Would you transcribe the records below from the line with "bestwayjunkremoval.com: Bestway Toronto" to the line with "removal disposal of", ends included, exactly and with nothing more, leaving the pictures out?

RECORDED INFORMATION section start

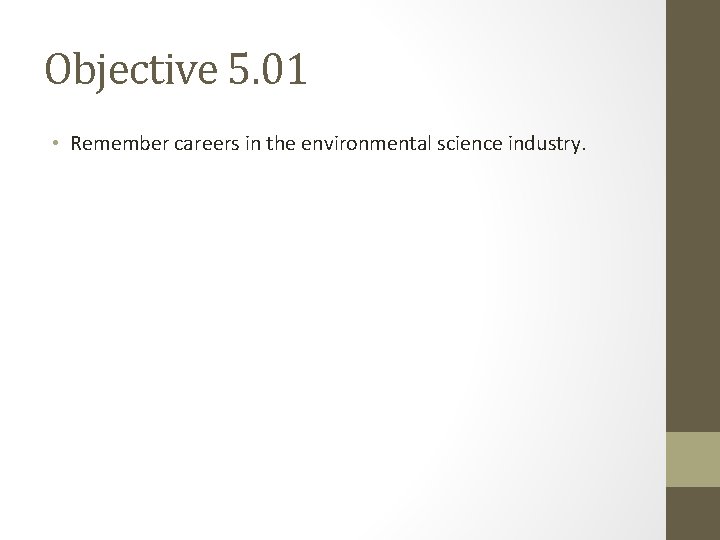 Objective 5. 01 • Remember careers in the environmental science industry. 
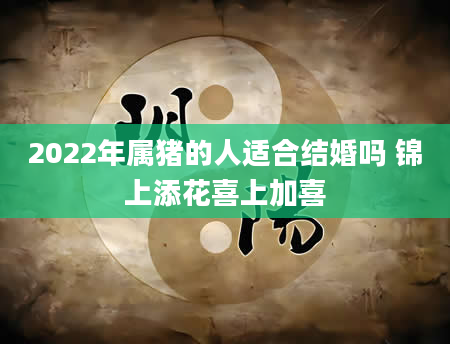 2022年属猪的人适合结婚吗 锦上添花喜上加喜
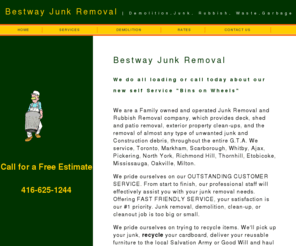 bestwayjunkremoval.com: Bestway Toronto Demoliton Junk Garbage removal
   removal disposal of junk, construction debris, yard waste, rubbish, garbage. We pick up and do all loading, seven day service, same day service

RECORDED INFORMATION section end
RECORDED INFORMATION section start

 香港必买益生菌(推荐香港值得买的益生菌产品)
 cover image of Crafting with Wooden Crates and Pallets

RECORDED INFORMATION section end
RECORDED INFORMATION section start

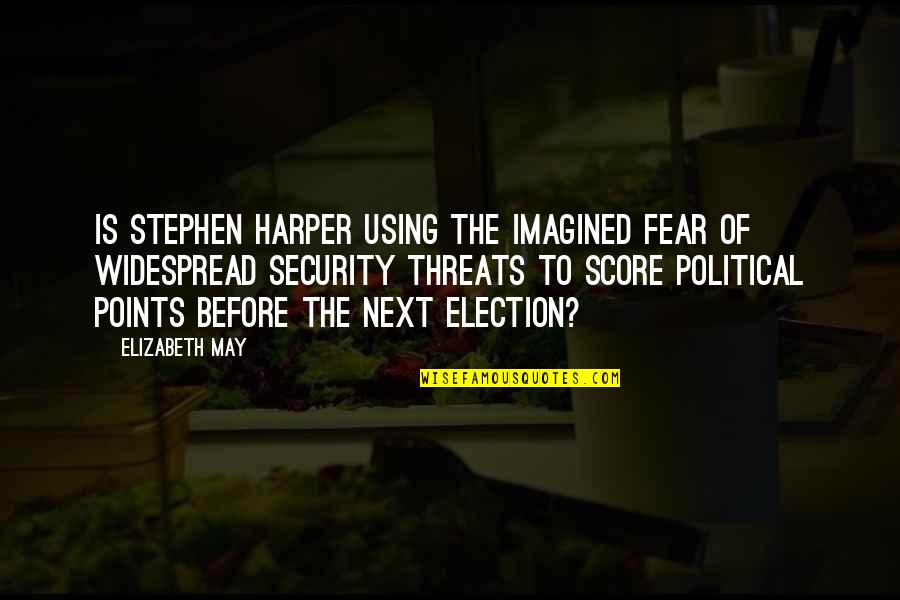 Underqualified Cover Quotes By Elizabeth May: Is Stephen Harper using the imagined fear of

RECORDED INFORMATION section end

OUTPUT BELOW:
 bestwayjunkremoval.com: Bestway Toronto Demoliton Junk Garbage removal
   removal disposal of junk, construction debris, yard waste, rubbish, garbage. We pick up and do all loading, seven day service, same day service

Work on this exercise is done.